Sunday, January 28, 2007

Commander in Caudillo

MSNBC's Norah O'Donnell yesterday asked White House spokeswoman Dana Perino if Bush is a lame duck. Perino's response: "The president is never going to be a lame duck -- he's commander in chief at a time of war." (Emphasis added)
This from Dan Froomkin, of the Washington Post, A Lurid Look Behind the Curtain.

Speaking of which, Garry Wills, professor emeritus of history at Northwestern, has written an excellent op-ed in the NYTimes, At Ease, Mr. President, regarding the use (misuse) of the term "Commander in Chief" as a synonym for "President." Not so, says Wills:
But the president is not our commander in chief. He certainly is not mine. I am not in the Army.

* * * *
The president is not the commander in chief of civilians. He is not even commander in chief of National Guard troops unless and until they are federalized. The Constitution is clear on this: “The president shall be commander in chief of the Army and Navy of the United States, and of the militia of the several states, when called into the actual service of the United States.”

When Abraham Lincoln took actions based on military considerations, he gave himself the proper title, “commander in chief of the Army and Navy of the United States.” That title is rarely — more like never — heard today. It is just “commander in chief,” or even “commander in chief of the United States.” This reflects the increasing militarization of our politics. The citizenry at large is now thought of as under military discipline. In wartime, it is true, people submit to the national leadership more than in peacetime. The executive branch takes actions in secret, unaccountable to the electorate, to hide its moves from the enemy and protect national secrets. Constitutional shortcuts are taken “for the duration.” But those impositions are removed when normal life returns.

But we have not seen normal life in 66 years. The wartime discipline imposed in 1941 has never been lifted, and “the duration” has become the norm. World War II melded into the cold war, with greater secrecy than ever — more classified information, tougher security clearances. And now the cold war has modulated into the war on terrorism.

There has never been an executive branch more fetishistic about secrecy than the Bush-Cheney one. The secrecy has been used to throw a veil over detentions, “renditions,” suspension of the Geneva Conventions and of habeas corpus, torture and warrantless wiretaps. We hear again the refrain so common in the other wars — If you knew what we know, you would see how justified all our actions are.

But we can never know what they know. We do not have sufficient clearance.

* * * *

We used to take pride in civilian leadership of the military under the Constitution, a principle that George Washington embraced when he avoided military symbols at Mount Vernon.
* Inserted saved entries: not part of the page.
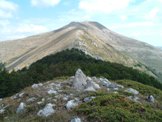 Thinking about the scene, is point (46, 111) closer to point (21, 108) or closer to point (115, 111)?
point (21, 108)

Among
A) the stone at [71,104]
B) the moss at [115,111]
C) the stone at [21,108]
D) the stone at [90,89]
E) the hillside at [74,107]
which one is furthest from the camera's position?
the stone at [90,89]

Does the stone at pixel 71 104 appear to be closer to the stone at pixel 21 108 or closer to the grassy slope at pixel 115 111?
the grassy slope at pixel 115 111

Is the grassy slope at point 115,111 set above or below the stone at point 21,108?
above

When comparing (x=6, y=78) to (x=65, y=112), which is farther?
(x=6, y=78)

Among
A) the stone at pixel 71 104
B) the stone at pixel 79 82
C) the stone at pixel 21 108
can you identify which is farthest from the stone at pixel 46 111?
the stone at pixel 79 82

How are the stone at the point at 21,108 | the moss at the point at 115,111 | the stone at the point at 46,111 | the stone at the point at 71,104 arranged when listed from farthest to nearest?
the stone at the point at 21,108 < the stone at the point at 71,104 < the stone at the point at 46,111 < the moss at the point at 115,111

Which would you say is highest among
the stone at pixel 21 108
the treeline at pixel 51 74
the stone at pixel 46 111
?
the stone at pixel 46 111

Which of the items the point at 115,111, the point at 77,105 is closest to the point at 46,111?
the point at 77,105

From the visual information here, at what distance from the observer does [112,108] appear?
20.0 metres

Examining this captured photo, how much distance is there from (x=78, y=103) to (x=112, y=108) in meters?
2.70

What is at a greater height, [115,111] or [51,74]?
[115,111]

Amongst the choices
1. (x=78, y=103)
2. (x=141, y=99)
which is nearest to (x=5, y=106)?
(x=78, y=103)

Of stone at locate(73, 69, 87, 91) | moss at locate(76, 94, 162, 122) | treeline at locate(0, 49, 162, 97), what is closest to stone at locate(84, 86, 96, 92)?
stone at locate(73, 69, 87, 91)

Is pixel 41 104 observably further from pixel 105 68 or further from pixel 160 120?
pixel 105 68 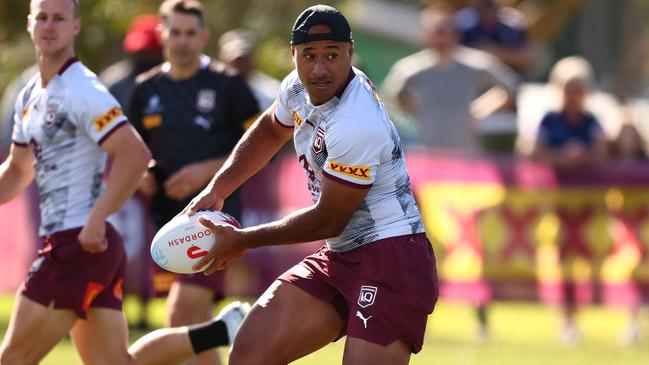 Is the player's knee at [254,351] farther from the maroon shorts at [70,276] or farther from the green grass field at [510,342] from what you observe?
the green grass field at [510,342]

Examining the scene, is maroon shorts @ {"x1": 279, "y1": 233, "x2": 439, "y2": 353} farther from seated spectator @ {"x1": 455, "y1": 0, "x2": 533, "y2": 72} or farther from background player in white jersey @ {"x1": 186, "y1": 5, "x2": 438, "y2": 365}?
seated spectator @ {"x1": 455, "y1": 0, "x2": 533, "y2": 72}

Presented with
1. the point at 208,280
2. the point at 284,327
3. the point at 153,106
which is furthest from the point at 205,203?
the point at 153,106

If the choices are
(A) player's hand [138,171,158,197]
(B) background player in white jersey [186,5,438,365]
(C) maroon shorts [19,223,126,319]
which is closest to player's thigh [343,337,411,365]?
(B) background player in white jersey [186,5,438,365]

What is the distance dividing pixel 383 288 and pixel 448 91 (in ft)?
26.4

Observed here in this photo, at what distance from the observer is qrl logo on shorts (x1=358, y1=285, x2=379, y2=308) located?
22.1 ft

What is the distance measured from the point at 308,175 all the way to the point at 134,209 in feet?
23.7

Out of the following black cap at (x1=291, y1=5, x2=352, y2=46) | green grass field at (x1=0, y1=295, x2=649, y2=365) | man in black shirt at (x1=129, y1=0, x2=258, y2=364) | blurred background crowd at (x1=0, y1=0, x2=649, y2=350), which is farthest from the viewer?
blurred background crowd at (x1=0, y1=0, x2=649, y2=350)

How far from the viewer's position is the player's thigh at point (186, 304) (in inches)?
352

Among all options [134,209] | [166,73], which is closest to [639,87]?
[134,209]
We are not led — or were not in the past — by caudillos.

Senator Daniel Patrick Moynihan’s prescient last book, “Secrecy,” traced the ever-faster-growing secrecy of our government and said that it strikes at the very essence of democracy — accountability of representatives to the people. How can the people hold their representatives to account if they are denied knowledge of what they are doing? Wartime and war analogies are embraced because these justify the secrecy. The representative is accountable to citizens. Soldiers are accountable to their officer. The dynamics are different, and to blend them is to undermine the basic principles of our Constitution.

In Talking Points Memo, David Kurtz discusses the impact of this militarization of our politics, referring to the NYTimes case mentioned in Secrecy Is at Issue in Suits Opposing Spy Program. The concerns are not theoretical; as the article examines the extraordinary steps the Justice Department is taking to control legal proceedings with national security implications. As Kurtz notes:
Congress and the Judiciary have allowed themselves to be steamrolled by the Executive. The mid-term elections forced Congress to change. There is no such external corrective mechanism for the Judiciary, which is at it should be. So judges and justices will have to stand up to defend an independent judiciary. Will they? The record so far is mixed, at best.
And of course, for the definitive word on this issue, read Glenn Greenwald's piece, Public servant v. Military Commander. He agrees with Wills' analysis, but he considered the issue last year during the NSA illegal eavesdropping program revelations. Greenwald adds:
This is much more than semantics. The constant, improper references to President Bush as "Commander-in-Chief" -- rather than what Theodore Roosevelt called "merely the most important among a large number of public servants" -- pervades the media and shapes how it talks about the President in all sorts of destructive ways.
In other words, as a Commander, he's a Caudillo.